# Revlon en México!! :D



## Hypathya (Mar 18, 2011)

Listo chicas herrrmosas!!


----------



## Purple (Mar 19, 2011)

Híjole! creo que a este thread solo entraré a leerlas, porque Revlon no es de mis marcas queridas , la usé por algún tiempo, hace muuuchos años, pero ya no me agrada mucho, mi mamá es la que si le sigue fiel, yo solo por estar en el chisme las visitaré por aquí, jeje


----------



## bgajon (Mar 19, 2011)

Pues yo esperaré que pongan que sale bueno, como no compro nada porque no agregarle, No?
  	Lo único que si uso y AMO de Revlon (tanto así que tengo que comprar mi tono en EU o encargarle a gente que vaya) es la base Colorstay piel mixta/grasa en 150 Buff. 
  	Es la base ideal para cubrir muchísimos pecados, dura en mi cutis mixto unas 8-9 horas sin que le pase nada. 
  	También uso la Photoready y a mi si me funcionó perfecto, los brillitos que tiene le dan al cutis un look "dewy" que me encanta.


----------



## Purple (Mar 20, 2011)

Fijate que no me he animado a probar la base de Revlon, porque mi piel es SUPER sangrona, una cosa que no le guste y me llena de brotes de acne, asi que le tengo miedo a probar algo desconocido para ella, jeje, por eso le soy fiel a Mac y Make Up Forever en cuanto a base de maquillaje.


----------



## MissCocochic (Mar 20, 2011)

Yo le tengo un cariño muy especial a Revlon, en mis épocas de estudiante, y sin un duro- aunque no ha cambiado mucho la cosa- podía darme el placer del maquillaje, y jamás me maltrató la piel, y yo sufro de muchas alergias.
  	Además me encantaba, y me sigue gustando, el empaque de los brillos labiales. Son muy elegantes y clásicos, un minichanel "drugstore".  La textura es muy ligera y tienen variedad de tonos, incluso los prefiero sobre los glosses de Mac, no son nada pegajosos.

  	Los nuevos labiales ColorBurst también me gustan son pigmentados, suaves y cremosos, y el empaque no está nada mal.
  	Los rubores redonditos, look a like Chanel, son muy lindos, pigmentados, no duran tanto en la piel, pero si dan un color hermoso.
  	Otros de mis gustos son las sombras mate y los barnices.

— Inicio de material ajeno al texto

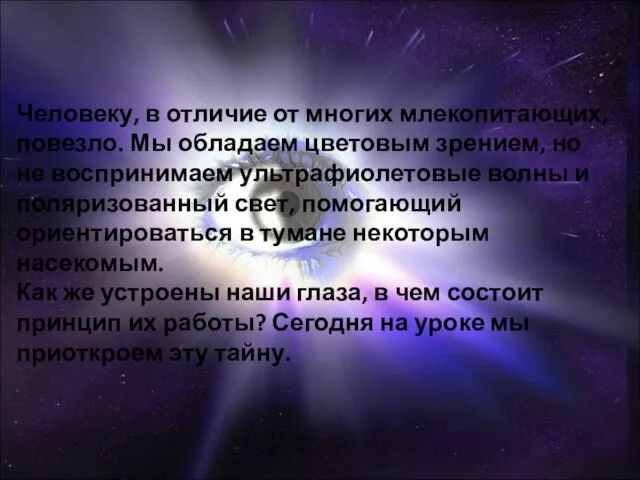 Человеку, в отличие от многих млекопитающих, повезло. Мы обладаем цветовым зрением, но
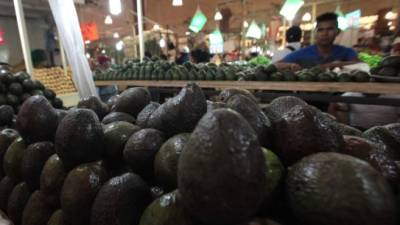 Los productores mexicanos reaccionaron indignados ante el rechazo de más de 100 toneladas de aguacate por EUA. EFE.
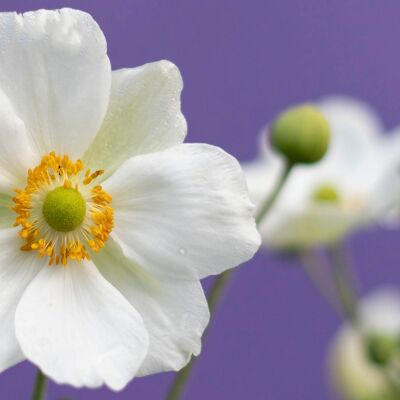 Blanco kaart witte bloem met paarse achtergrond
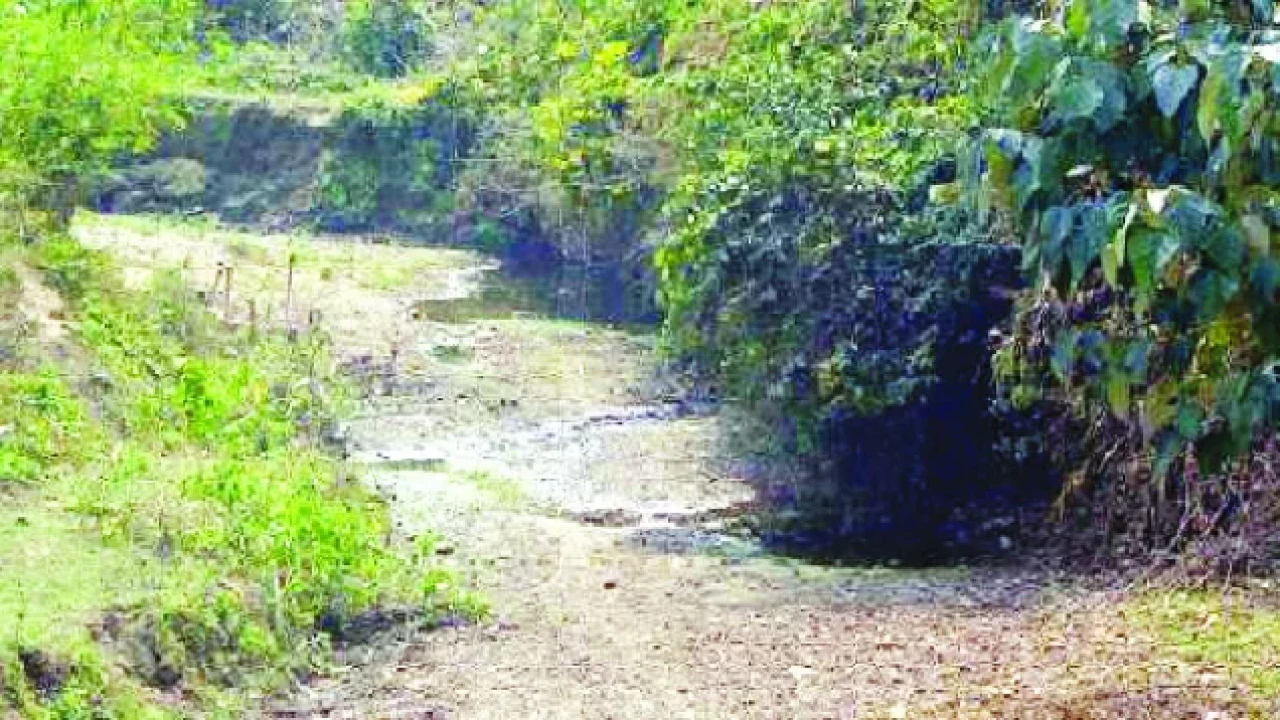 রামুতে পাহাড়ি ছড়ায় গোসলে নেমে ২ শিশুর মৃত্যু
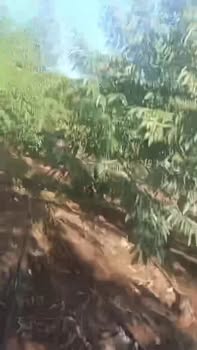 Đất nền tại xã Ia Dom, huyện Đức Cơ, 860m², giá chỉ 1 tỷ - Sổ hồng chính chủ!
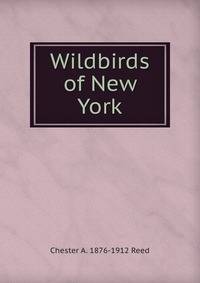 Wildbirds of New York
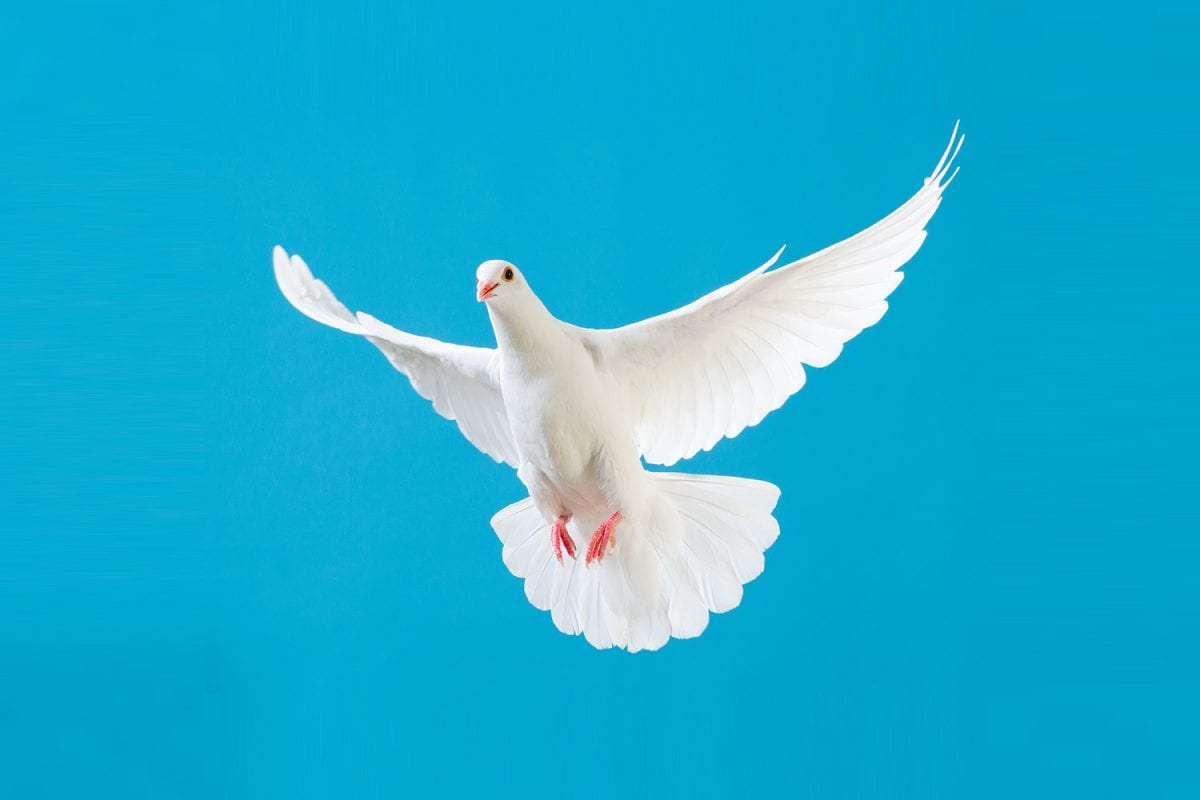 Armenian Dating app Ari - Love in the Times of War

  	Amo los barnices de Revlon, ópacos en 2 ó 3 capas, no dejan uñas amarillentas, y duran de 5  a 7 días sin cuartearse.
  	La variedad de colores no es tan grande en México, pero si tienen varios clones de Chanel, y desde que Gucci Westman, tomó el mando de la compañía, han salido con productos muy interesantes.

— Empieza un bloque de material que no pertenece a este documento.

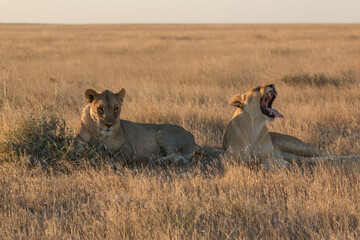 okondeka lion pride in savannah at sunset in etosha national parc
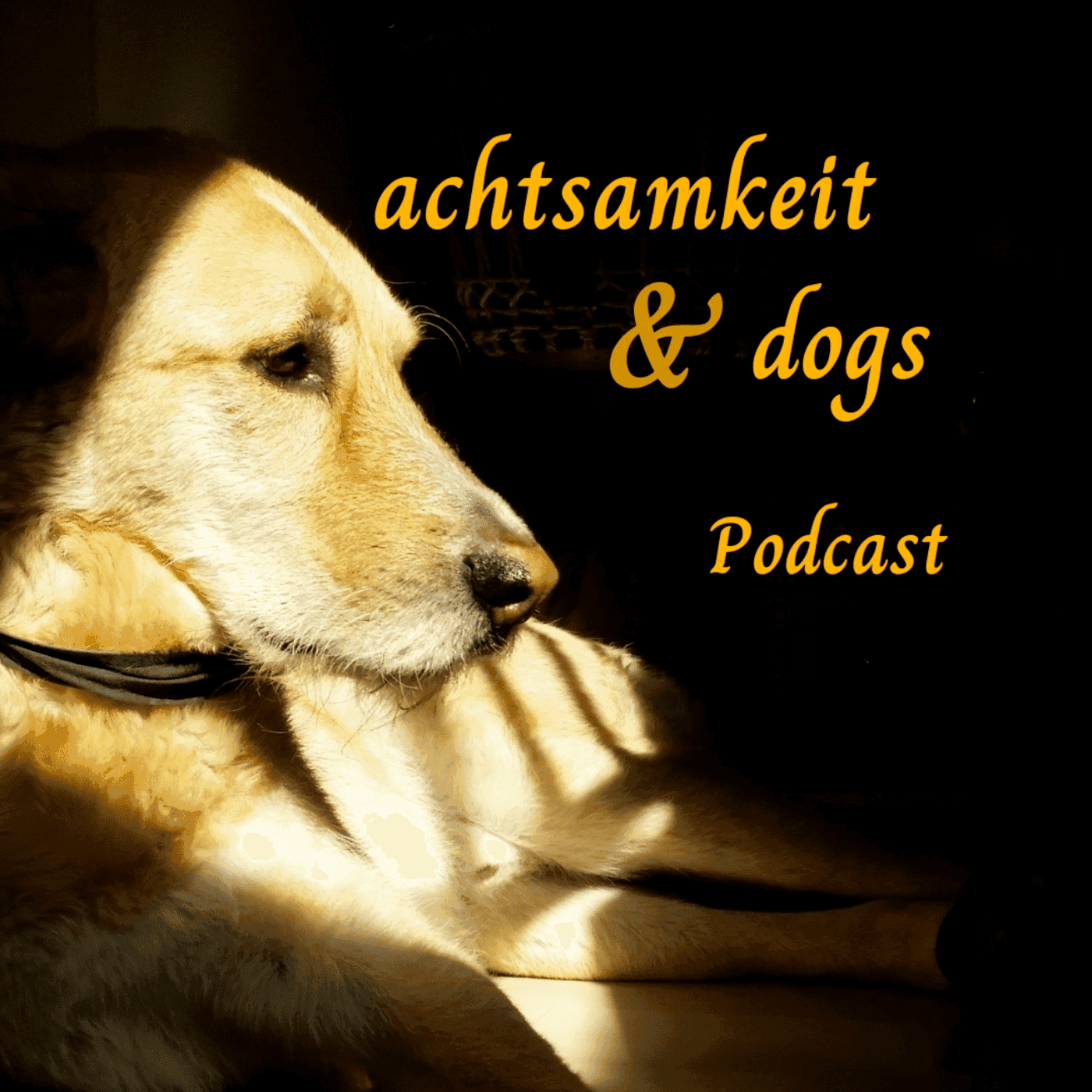 achtsamkeit & dogs - Podcasts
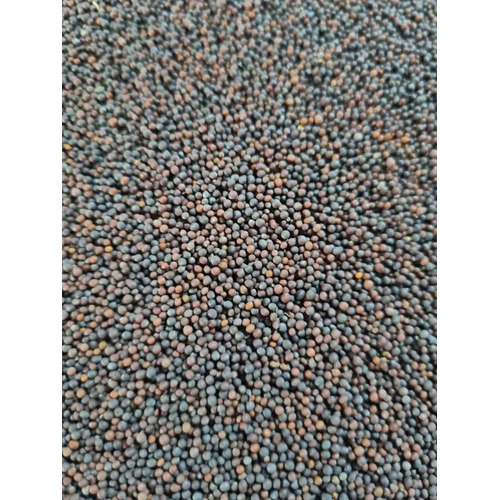 Black Mustard Seeds
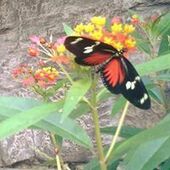 User avatar for Éric Le Chasseur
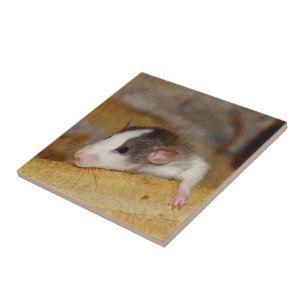 Cute Rat Tile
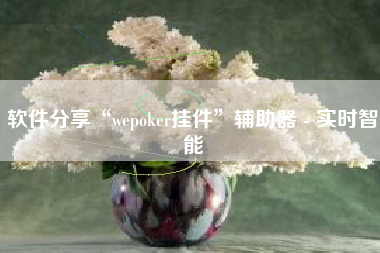 软件分享“wepoker挂件	”辅助器 - 实时智能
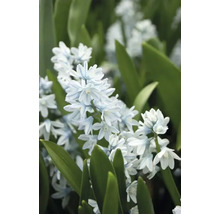 Närbild av en blomma av släktet Scilla bifolia med gröna blad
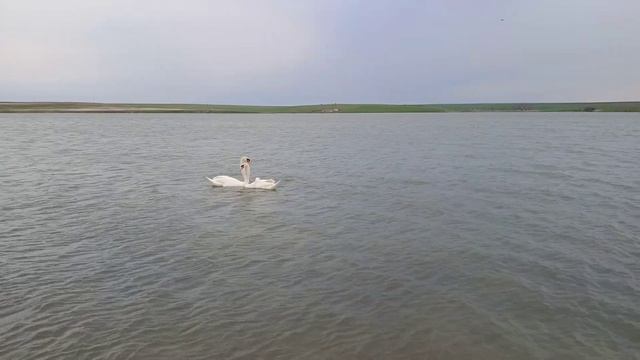 Two Swans 🦢 Are Circling Together On The Lake / Два лебедя 🦢 вместе кружатся на озере #swans #swan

  	Muero por los clones de Paradoxal y Black Pearl.Y gracias a Eugenia estoy en busqueda de Cherries in the Snow. 
  	Para las adictas a los esmaltes, léase Eugenia y Bianca, la colección de Revlon con Jin Soon promete colores interesantes.

  	Nunca he probado la base ColorStay,porque mi experiencia con la Photoready, no fue muy agradable, me sentía muy brillosa, y la cobertura no era la que esperaba, además que resaltaba las zonas secas de mi piel.
  	Otro producto que me gusta son sus brochas de maquillajes, una gran sorpresa, son sintética pero suaves, el mango es largo y resistente.
  	Y las pinzas de depilar se dan un "quienvive" con las twezeerman.

  	Un producto excelente es el Khol para ojos en tono negro, debido a mis alergías no lo puedo usar, pero es muy pigmentado, suave y la duración es bastante en la línea del agua. 

  	Algo que me atrae de Revlon son las colecciones especiales creo que están pensadas, y traen productos singulares y hermosos.
  	Recuerdo una colección de rubores con varios tonos, muy pigmentados y con colores espectaculares.

  	Siempre estoy atenta a sus colaboraciones o ediciones, porque es un producto, que se puede encontrar en México, y bastante accesible en precio, y con buenas rebajas en Walmart o Sanborns.


----------



## bgajon (Mar 20, 2011)

MissCocochic de ahora en adelante serás mi gurú para Revlon. Y que mal que no fue de tu agrado Photoready, yo la uso muchísimo para maquillar y me encanta como se ve en vivo y en foto.


----------